Think “How Can I Help?”
Most of the people who come to me for help in getting a job talk endlessly about themselves and what they need when their focus should be on what a potential employer might need. Research what a company is about, what it’s doing now and what it will be doing in the future. Instead of talking about me-me-me, ask questions to better learn about an employer’s needs and think about how you can make contributions concerning an employer’s opportunities and challenges. How, specifically, can you be an asset? How can you help solve problems, save money, improve service, expand the customer base, convey messaging, help with employees, the environment, their pro-social initiatives?
Getting back to the soap analogy: If you don’t know what the customer wants in a soap, then how are you to know whether to talk about your antibacterial superpowers, moisturizing properties, organic ingredients, or fresh lemon-y smell? Find out what your prospective employer needs so you can make your marketing messages relevant and powerful.
Think Like a Consultant.
Don’t just think like an employee looking to get the best benefits package and flexible hours. Think about how to improve the impact, performance, effectiveness and value of the position. Let’s say you’re applying to be a cashier. If you were a consultant, what could the cashier do to make waiting in line better for both the store and the customer? How might the cashier improve customer service, increase sales, or save the store money?
Don’t Be Generic.
Now that you’ve given some thought to why you are the bar of soap a company could need, communicate your USP and how it can be of value. If you’re applying for that cashier job, your cover letter might explain (briefly) how your experience, focus on customer satisfaction and attention to detail are well-suited to the position and would benefit the store. (The letter’s job is to snag the interview, and once you’re there you can share some concrete ways you’d rock the job if hired.)

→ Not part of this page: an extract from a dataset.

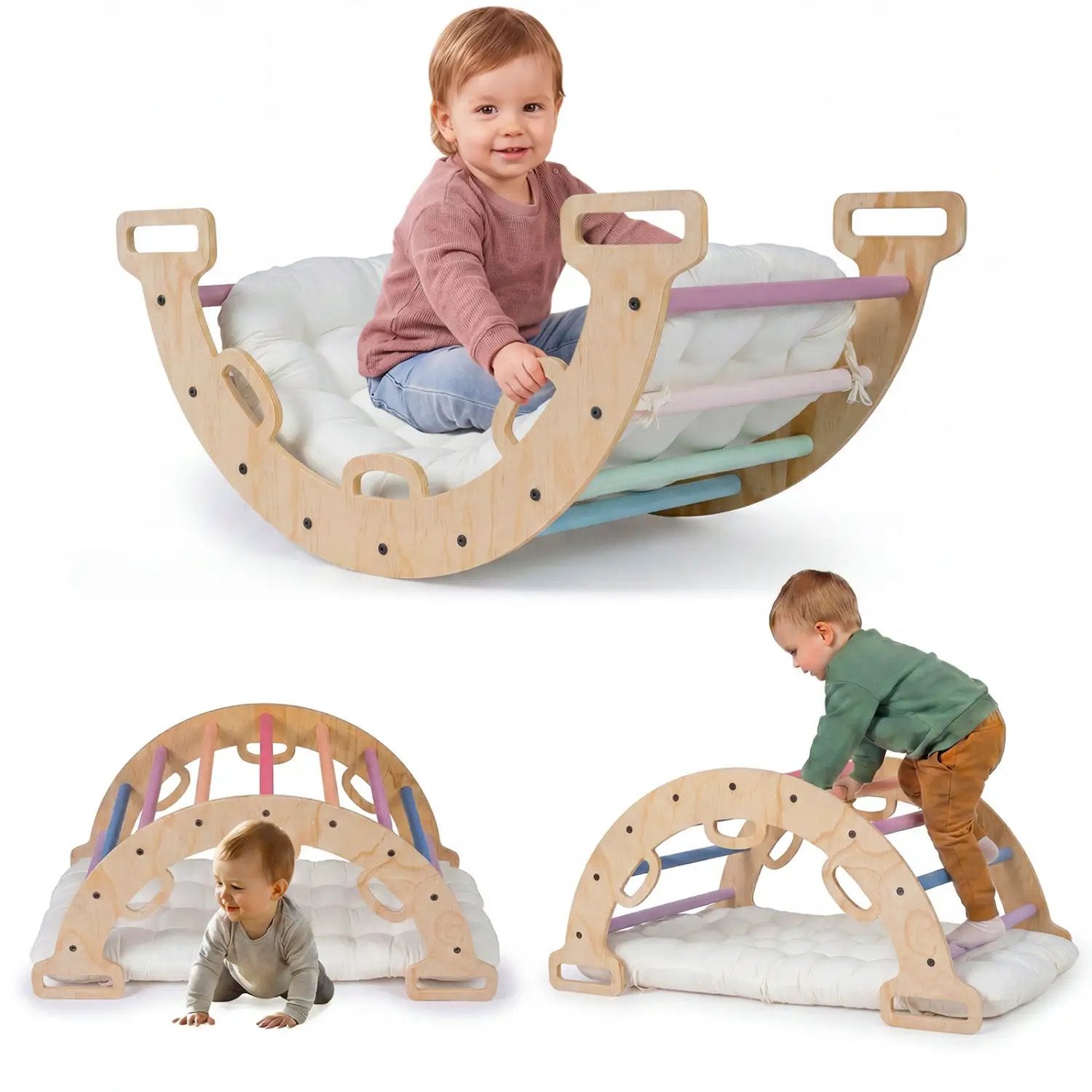 Wooden Rocking Climbing Arch with Cushion 3-in-1 Montessori by DirectDeals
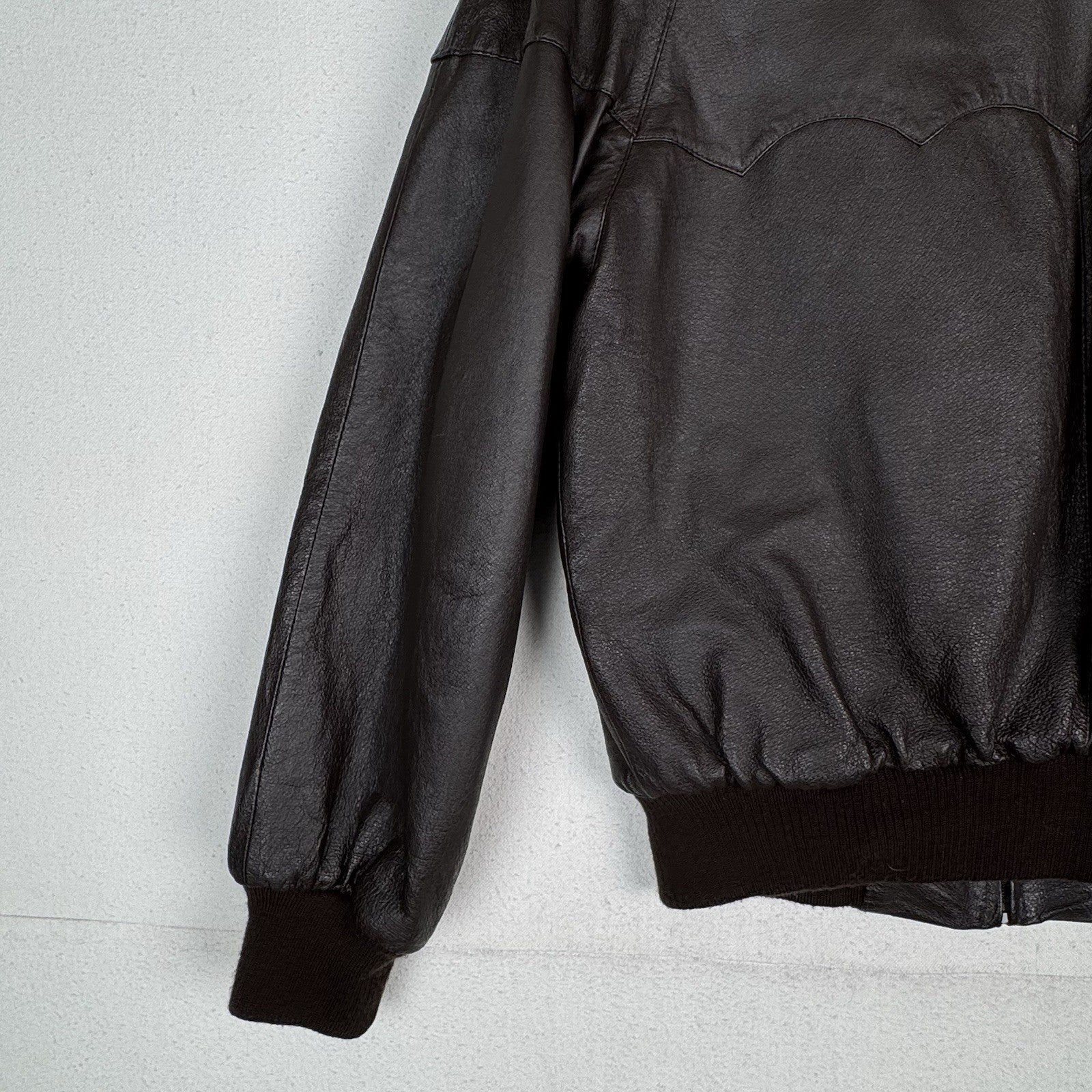 John Blair Leather Western Bomber Aviator Jacket Brown Mens’s Small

Like most things in life, you get when you give. When you concentrate on how you can uniquely be of service, you’re much more likely to demonstrate your value than if you just keep regurgitating the same old tired clichés about how you’re a “people person” or an “effective manager.” (As opposed to all those applicants who’ve explained how they don’t get along with people and manage ineffectively.)
In a nutshell:
- Find out exactly what your prospective employer is looking for and identify how you meet—and rock—the position. Don’t just focus on the responsibilities, but the qualities that an ideal candidate should have
- Identify how you can solve your employer’s problems—and/or their consumers’.
- Understand your brand, and how it can make a difference.
- Don’t bull—talk plainly, authentically, and have a narrative that supports and best conveys your awesomeness.
Do all this, Elva, and and you’ll be in that new job daydreaming about retirement in no time! Let us know how you make out — and good luck!